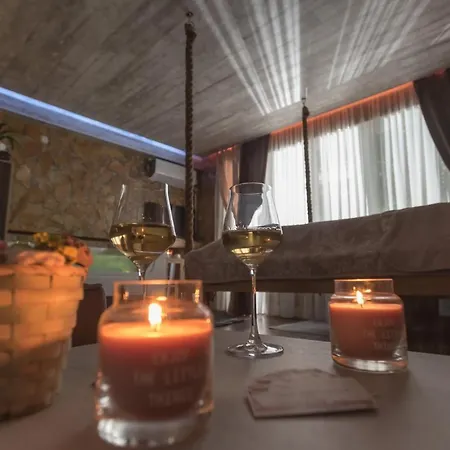 Onore Dell 2 Sa Djakuzijem Hotel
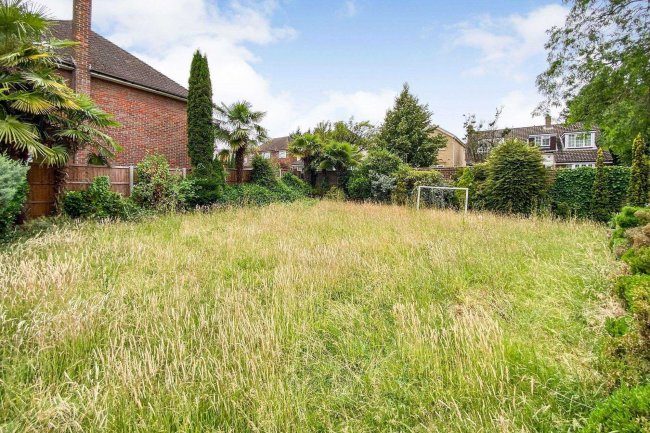 16 Duchy Road, Hadley Wood, Barnet EN4 0HX 2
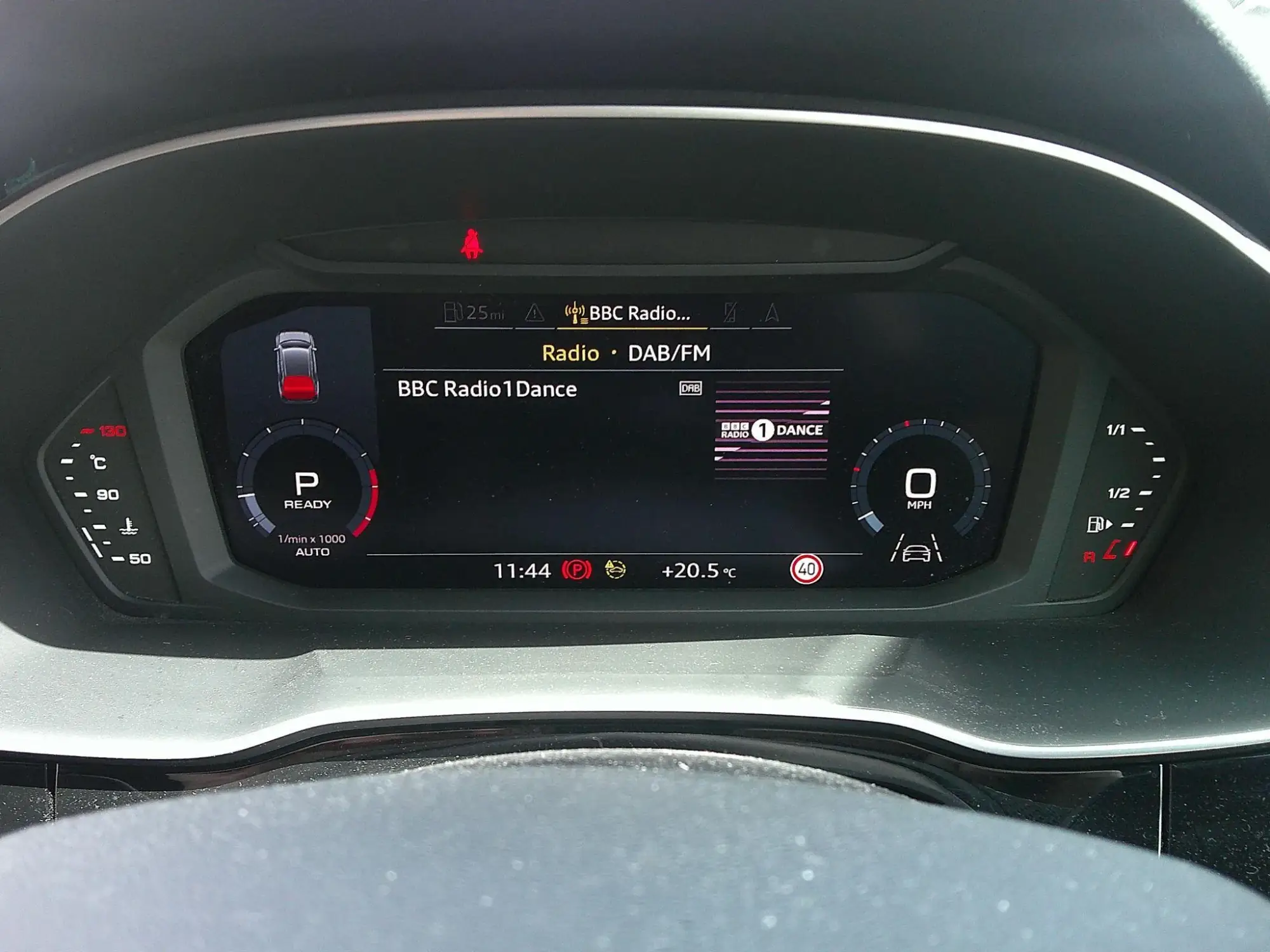 Audi Q3 Image 17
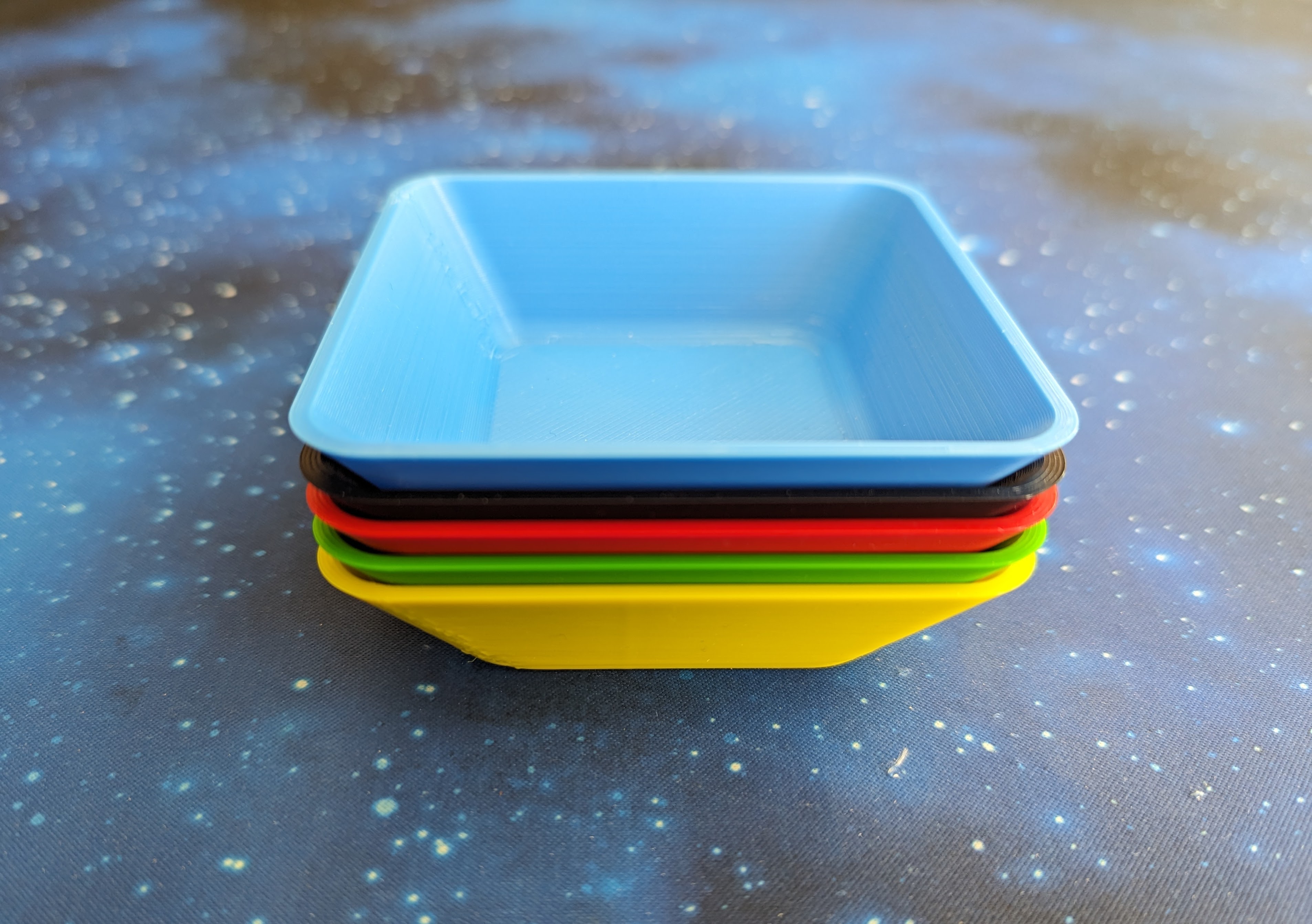 Miniatura 2 do modelo 3D Multipurpose container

☆ ☆ ☆ ☆ ☆ ☆ ☆

**Try it:** From the line containing "Audi Q3 Image 17" down to the end of the data above, reproduce each line exactly; no pictures.

**Solution for this exercise:**
 Audi Q3 Image 17
 Miniatura 2 do modelo 3D Multipurpose container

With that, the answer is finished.